Yes, Biden Is Proposing That the IRS Spy on Your Bank Records

Here’s yet another example of why “fact-checking” is the most dishonest form of journalism.

To try and find an additional $7 trillion in taxes over the next decade, Joe Biden is floating a plan that would empower the IRS to access any account with $600 in gross transactions (Democrats upped the number to $10,000 this week, after considerable blowback.) In addition to more IRS oversight — scooping, spying, ferreting out, keeping tabs, what have you — Biden also proposed doubling the amount of IRS agents and funding the agency six times its present budget. TheWashington Post’s Salvador Rizzo says Republican complaints about the policy are untrue.

First of all, I couldn’t help noticing that the second paragraph of the fact-check gives away the game:

After Democrats watered down his proposal in response to Republican concerns, GOP senators nonetheless took turns describing it as an unprecedented invasion of privacy.

Is he kidding?
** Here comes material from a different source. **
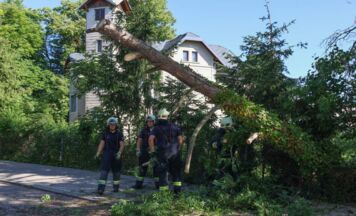 Feuerwehr entfernte morschen Baumteil in Wels-Neustadt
Democrats watered down the proposal because of public response to an unprecedented expansion of IRS power. At least seven House Democrats reportedly opposed the idea, and there were likely others. Democrats have never once even feigned to care about GOP opposition to any part of the reconciliation bill. The contention that Pelosi or Biden or Schumer are placating Republicans or scaling back proposals because of GOP objections is worthy of ten Pinocchios. This is a unilateral partisan effort.